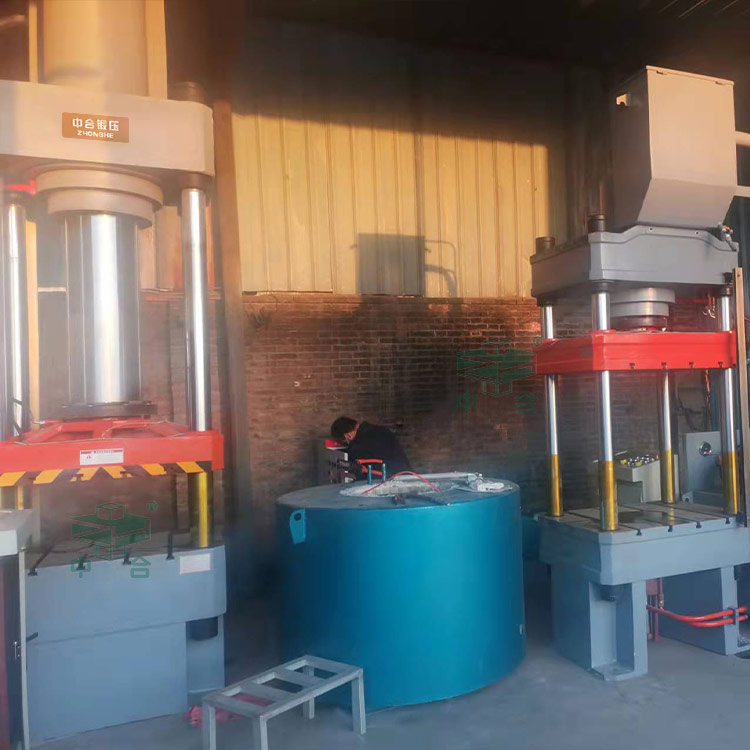 315噸耐火磚成型液壓機 315噸耐火磚成型液壓機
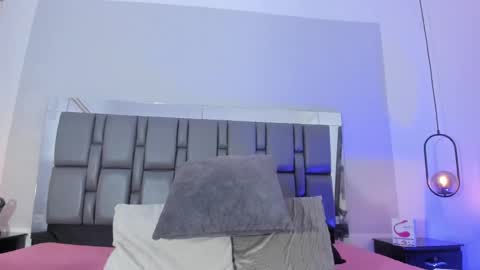 Angel  online show from December 13, 3:21 pm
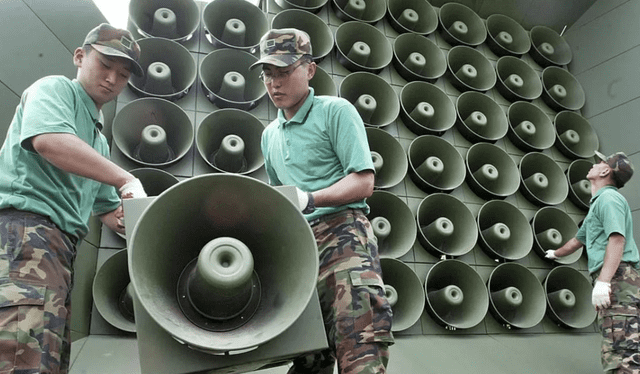  Los altavoces surcoreanos fueron encendidos nuevamente este domingo 9 de junio. Foto: AP    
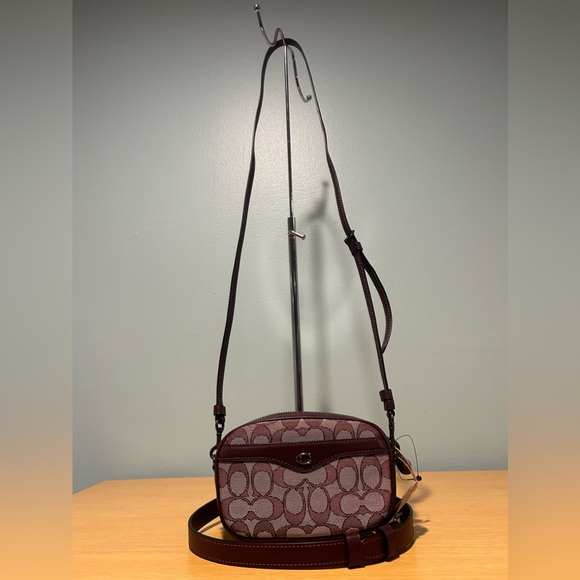 Coach mini 2way beltbag/crossbody bag in excellent condition. - Picture 1 of 8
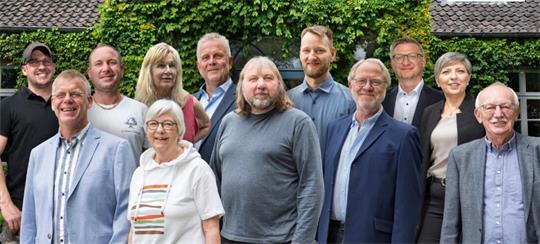 Zwölf Kandidatinnen und Kandidaten treten in Himmelpforten für die Wahl zum Gemeinderat an: Im Team um den amtierenden Bürgermeister Bernd Reimers (Mitte) sind drei Frauen dabei.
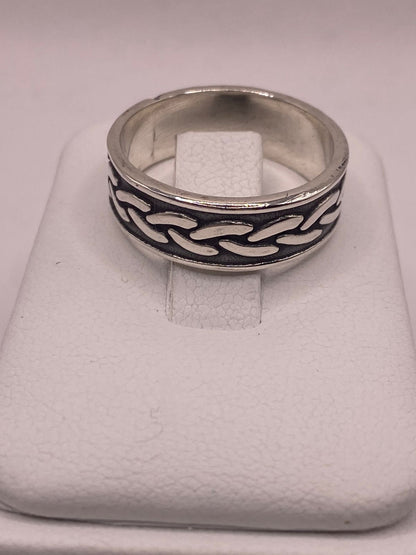 Anillo de Plata 925 con Diseño de Cadena y Acabado Oxidado, vista frontal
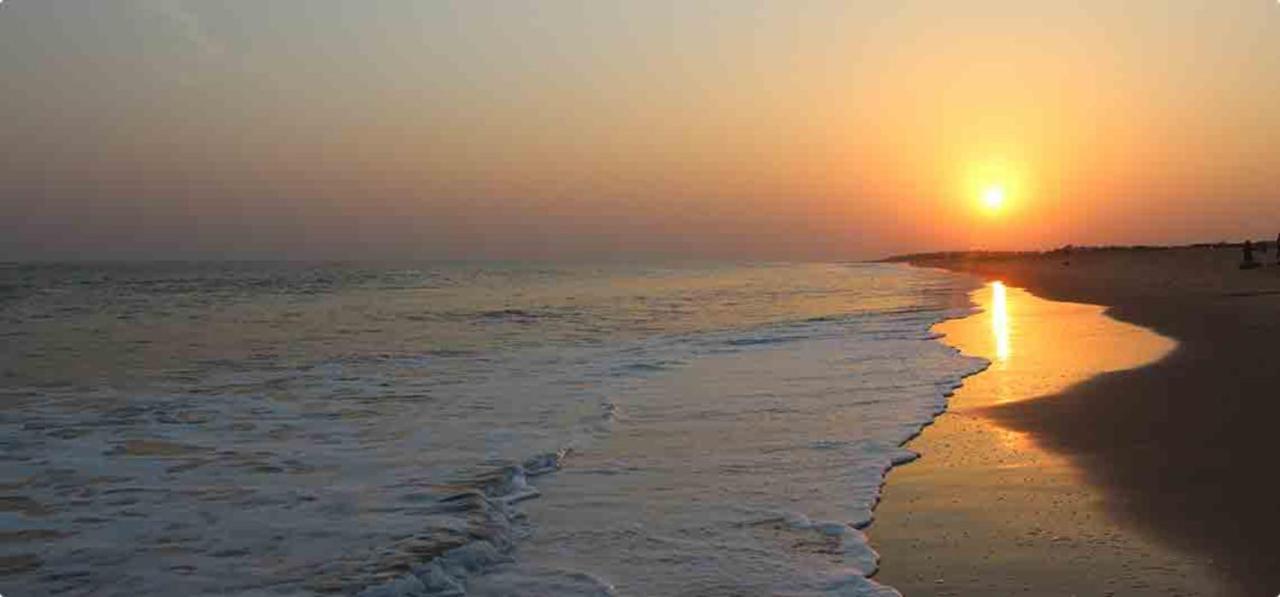 Goroomgo Silicon Residency Puri Near Sea Beach & Temple - Luxurious Room - Lift And Parking Facilities - Best Seller Exterior photo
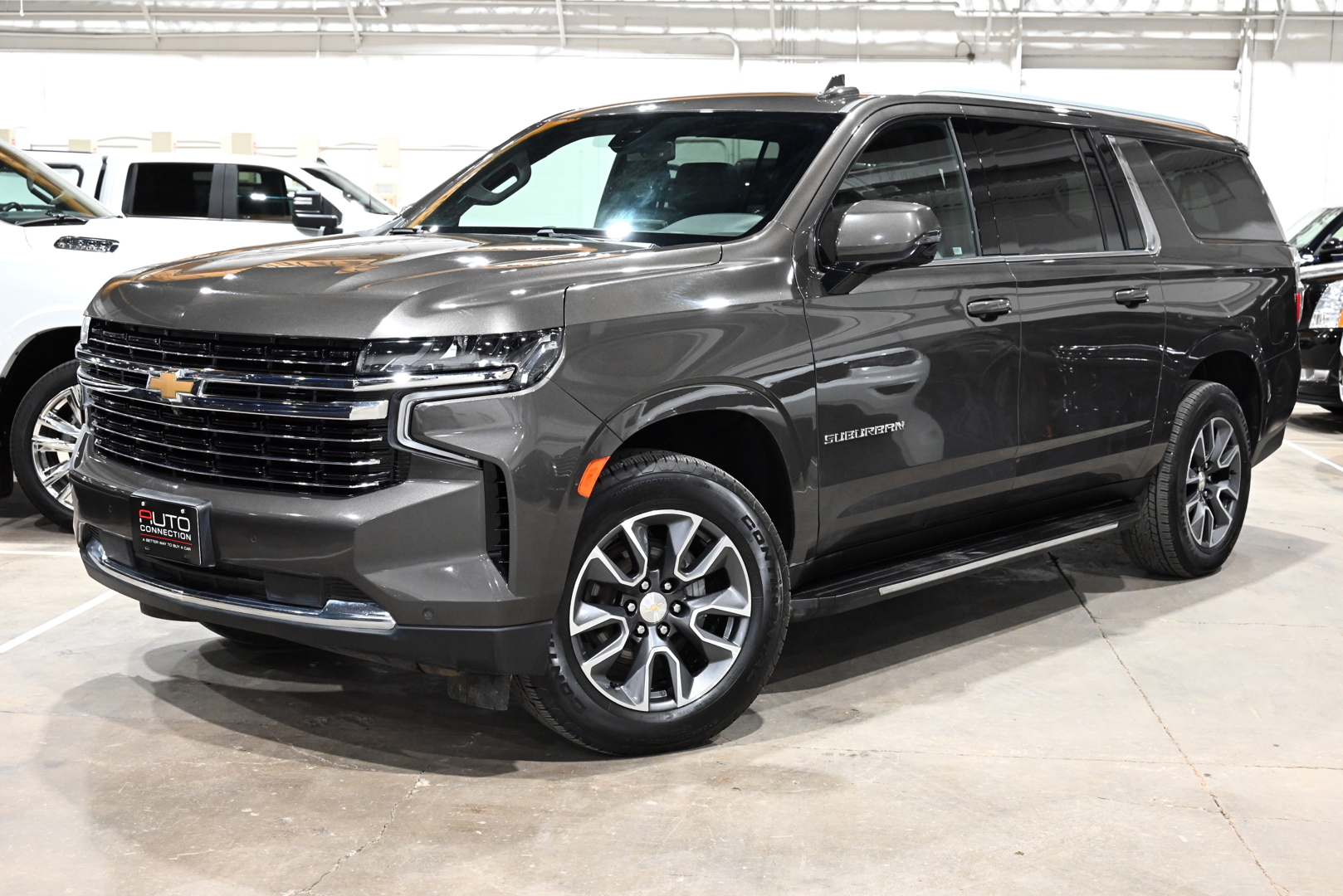 Gray 2021 Chevrolet Suburban SUV / Crossover Four-Wheel Drive 10-Speed Automatic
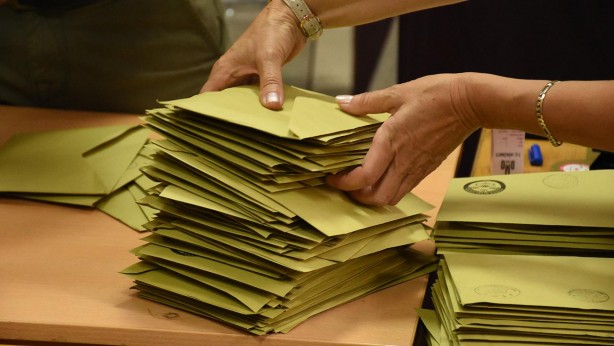 Foto - Oy verme işlemi sırasında Zeynep Bastık'tan tepki çeken hareket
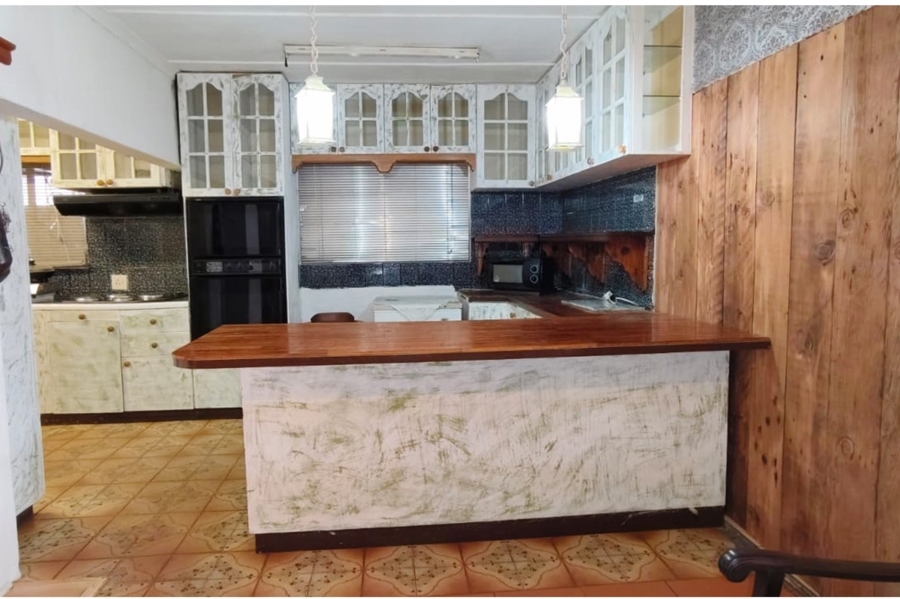 To Let 4 Bedroom Property for Rent in Pacaltsdorp Western Cape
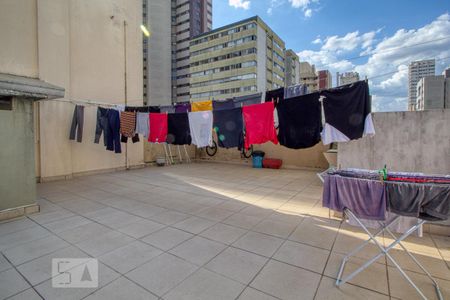 Área comum - Lavanderia de kitnet/studio para alugar com 1 quarto, 30m² em Centro, Curitiba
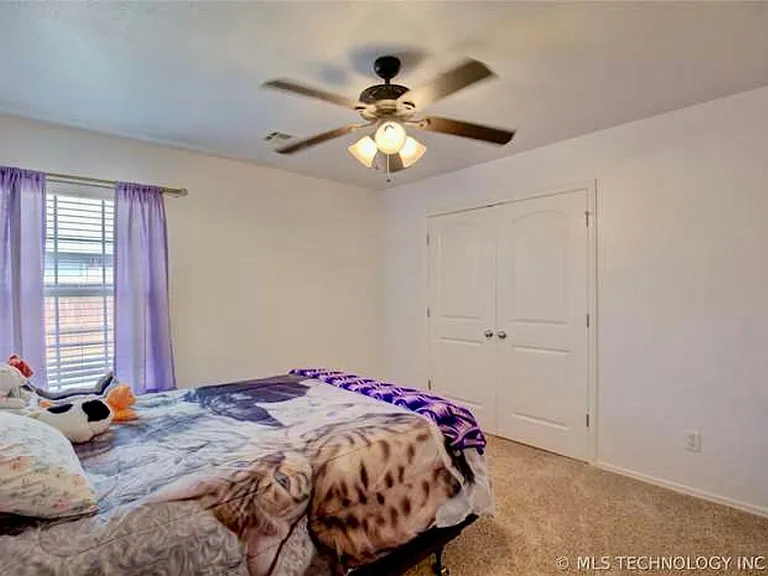 7324 E Knoxville St — Photo 18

○ ○ ○ ○ ○

→ **WHAT IS NEEDED**:
The answer should contain only the lines from the one with "Foto - Oy verme" through the last line of the material, given word for word and without pictures.

→ **ANSWER TO THE EXERCISE**:
 Foto - Oy verme işlemi sırasında Zeynep Bastık'tan tepki çeken hareket
 To Let 4 Bedroom Property for Rent in Pacaltsdorp Western Cape
 Área comum - Lavanderia de kitnet/studio para alugar com 1 quarto, 30m² em Centro, Curitiba
 7324 E Knoxville St — Photo 18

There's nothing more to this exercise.